One of the conundrums of wind energy is that the wind doesn’t blow constantly. In the Northwest, most wind farms operate at about 30 percent capacity, which means backup electrical generation is needed.
The Northwest’s extensive network of hydropower dams helps balance fluctuations in wind output, said Tom Karier, Washington representative on the Northwest Power and Conservation Council. Dam operators can adjust hydro output in response to shifting wind production.
But problems arise in late spring and early summer, when peak runoff from snowmelt coincides with peak wind production. In high runoff years, the region is awash in surplus hydro power. Prices can plummet to very low levels.

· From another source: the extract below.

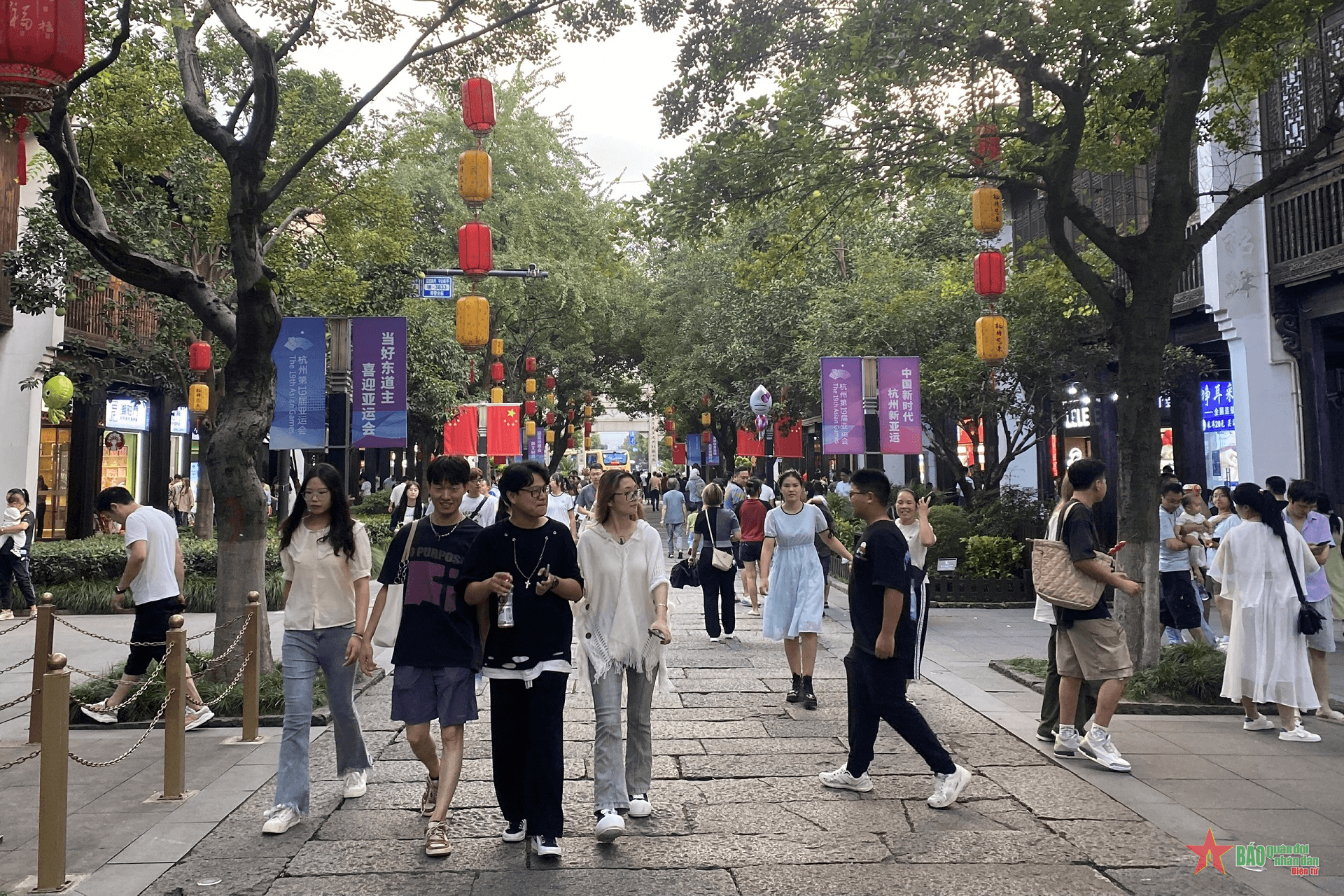 ASIAD 19: Đi giữa rừng người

Some years, the Northwest gives away electricity from federally owned dams, and adding wind generation “aggravates the situation,” Karier said.
Last summer, the Bonneville Power Administration ordered wind farms to shut down their power output at times when Columbia River reservoirs were brimming and dams were operating at maximum capacity.

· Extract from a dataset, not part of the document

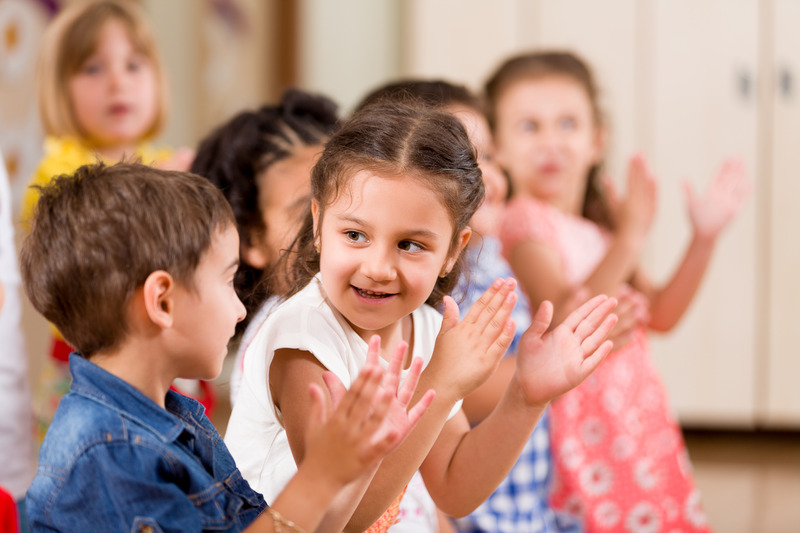 blue mountains preschools kids sitting in a group clapping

Wind farm operators appealed to the Federal Energy Regulatory Commission, which ruled in their favor last week. Federal officials said the BPA must come up with new rules that don’t discriminate against wind generators, which lost about 6 percent of their potential power sales between mid-May and mid-July.
Karier said efforts to find equitable solutions are already under way. He and BPA Administrator Steve Wright co-chair a group called the Wind Integration Forum.
“Every day, the hydro system is adapting to changes in wind that occur on an hour-to-hour, minute-by-minute basis,” he said. “We’re able to absorb and use wind power much more efficiently than many other parts of the country.”